▸ AIM OF THE TASK: A partial copy is required: transcribe exactly the lines from the one containing "Men Antique Gold" through the last line below, without any pictures.
[RECORDS TO USE]
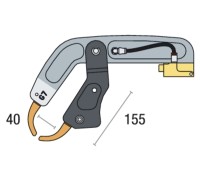 Плечо G7 изолированное 40х155 мм для сварочных клещей 4 бар / 150 даН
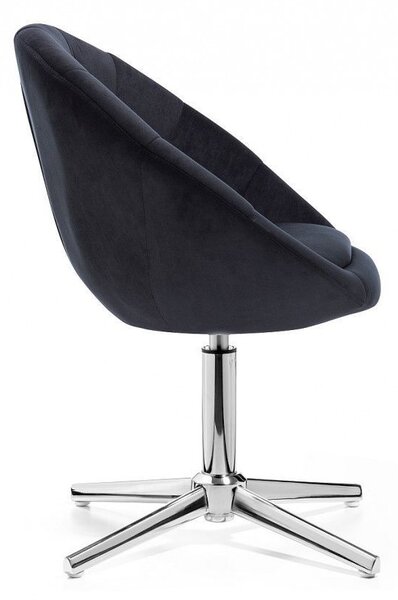 LuxuryForm DESIGN Kreslo VERA VELUR na striebornom kríži - čierne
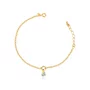 Pulseira Semi Jóia Dourada Pingente Zircônia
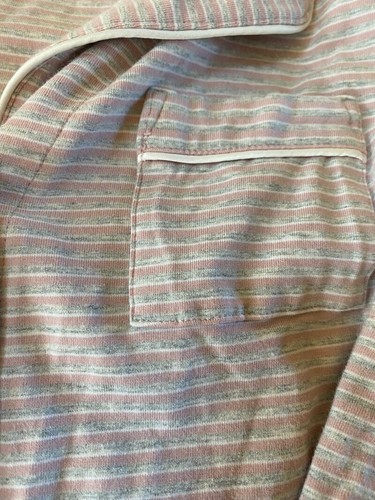 Womens Soma Soft 2pc Pink Gray Stripe Button Up Drawstring Pajama Set Small - Picture 5 of 5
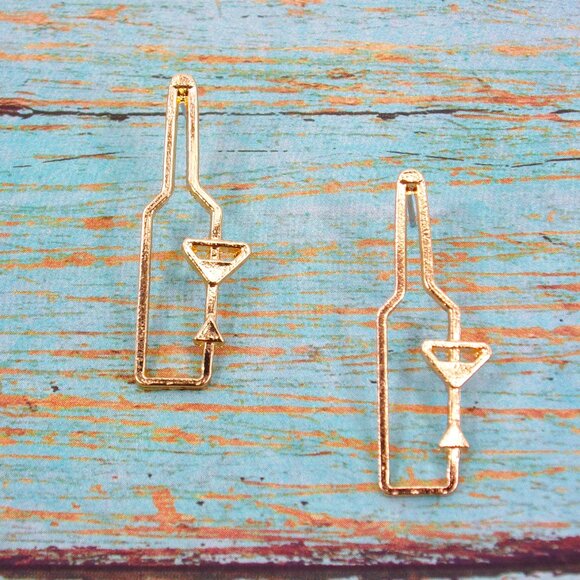 Wine bottle and glass fashion earrings designed in a gold plated finish. - Picture 5 of 6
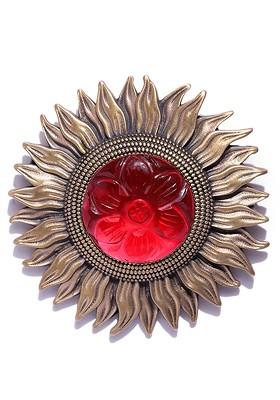Men Antique Gold Toned Red The Bloomed Sunflower Shaped Statement Brooch
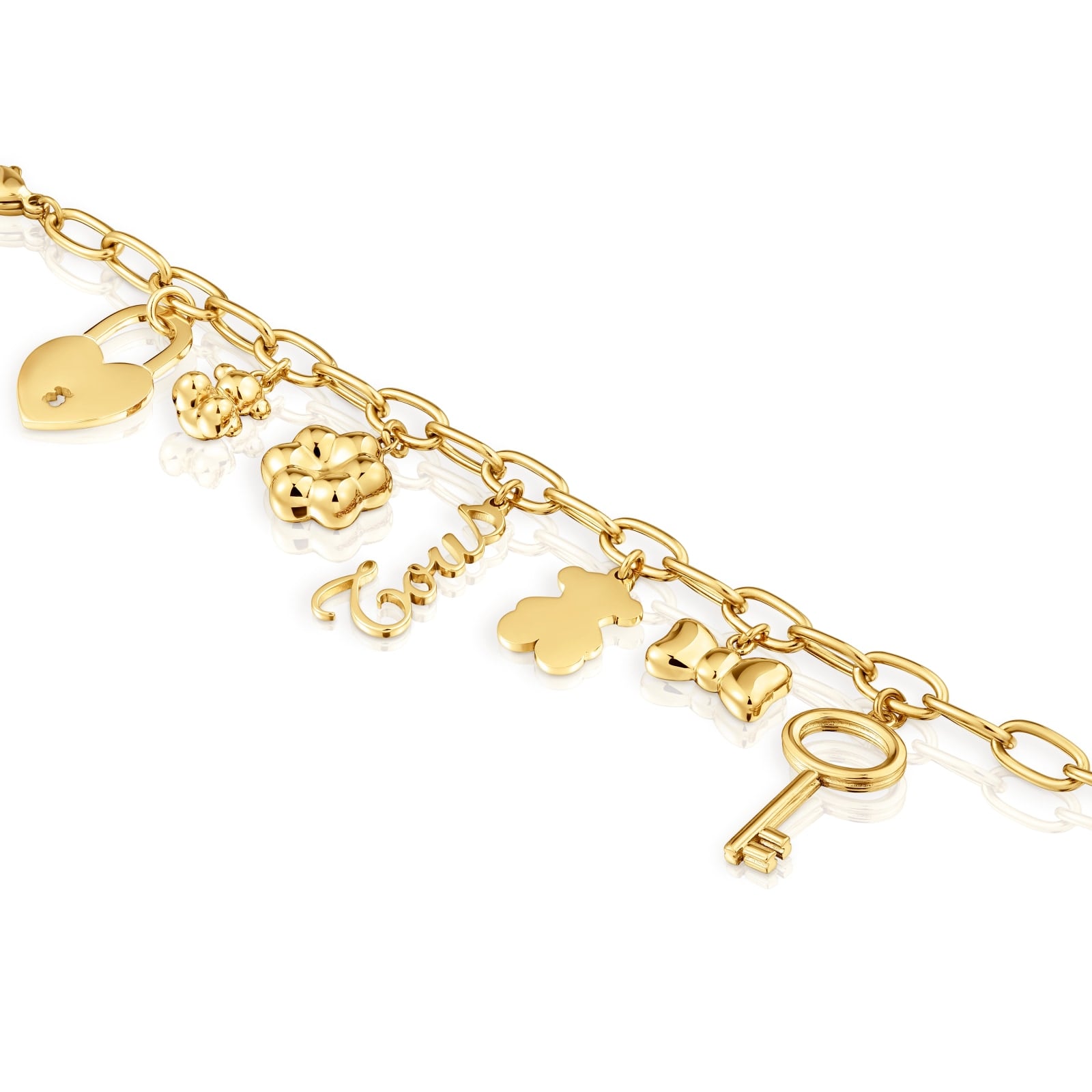 PULSERA DE ACERO DORADO Y MOTIVOS DIJES TOUS CHARMING - 3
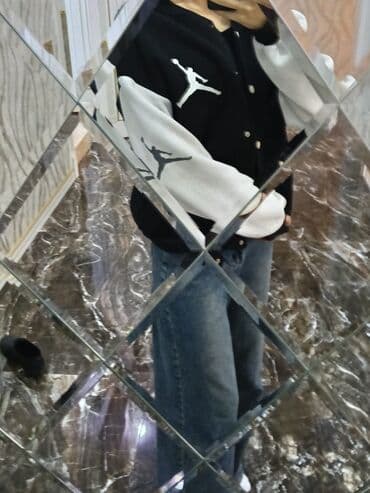 ag jaket: Unisex beyzbol üslublu jaket (qara-ağ) - Rəng: gövdə qara, qol — 2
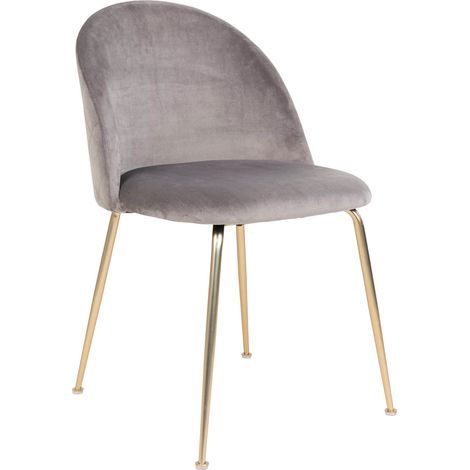 Set 2 sedie da pranzo Geneve in velluto grigio con gambe effetto ottone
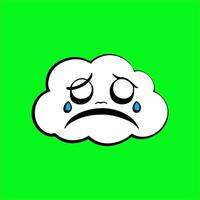 a cartoon cloud with sad eyes on a green background vector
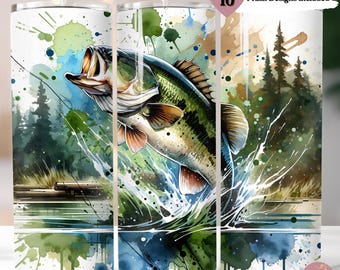 May include: A watercolor design of a bass jumping out of the water with a splash. The design is on a white tumbler with a green, blue, and white background. The tumbler is 20 ounces and has a straw.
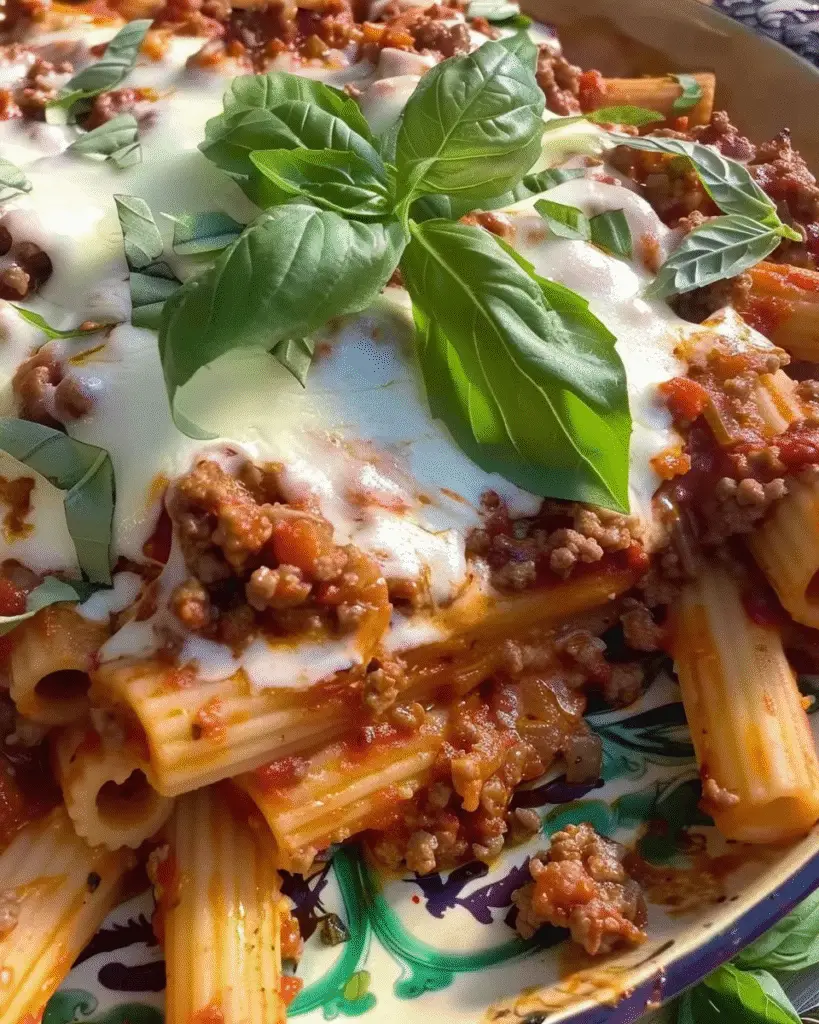 Close-up of rigatoni baked with ground meat sauce, melted mozzarella, creamy ricotta, and chopped basil, topped with fresh basil leaves.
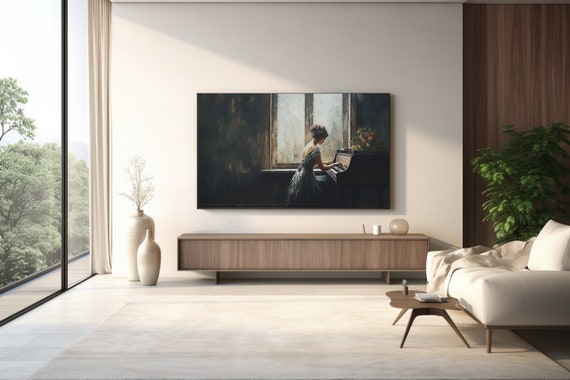 Frame Tv Portrait Art Woman Playing Piano Abstract Art Moody Woman Portrait Painting Vintage Farmhouse Antique Decor Dark Academia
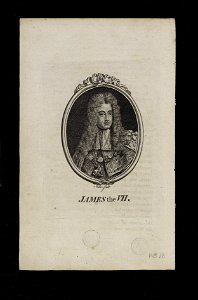 Jacobite broadside - Portrait of James VII, removed from a printed bookl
[/RECORDS TO USE]
▸ RESULT OF THIS TASK:
Men Antique Gold Toned Red The Bloomed Sunflower Shaped Statement Brooch
 PULSERA DE ACERO DORADO Y MOTIVOS DIJES TOUS CHARMING - 3
 ag jaket: Unisex beyzbol üslublu jaket (qara-ağ) - Rəng: gövdə qara, qol — 2
 Set 2 sedie da pranzo Geneve in velluto grigio con gambe effetto ottone
 a cartoon cloud with sad eyes on a green background vector
 May include: A watercolor design of a bass jumping out of the water with a splash. The design is on a white tumbler with a green, blue, and white background. The tumbler is 20 ounces and has a straw.
 Close-up of rigatoni baked with ground meat sauce, melted mozzarella, creamy ricotta, and chopped basil, topped with fresh basil leaves.
 Frame Tv Portrait Art Woman Playing Piano Abstract Art Moody Woman Portrait Painting Vintage Farmhouse Antique Decor Dark Academia
 Jacobite broadside - Portrait of James VII, removed from a printed bookl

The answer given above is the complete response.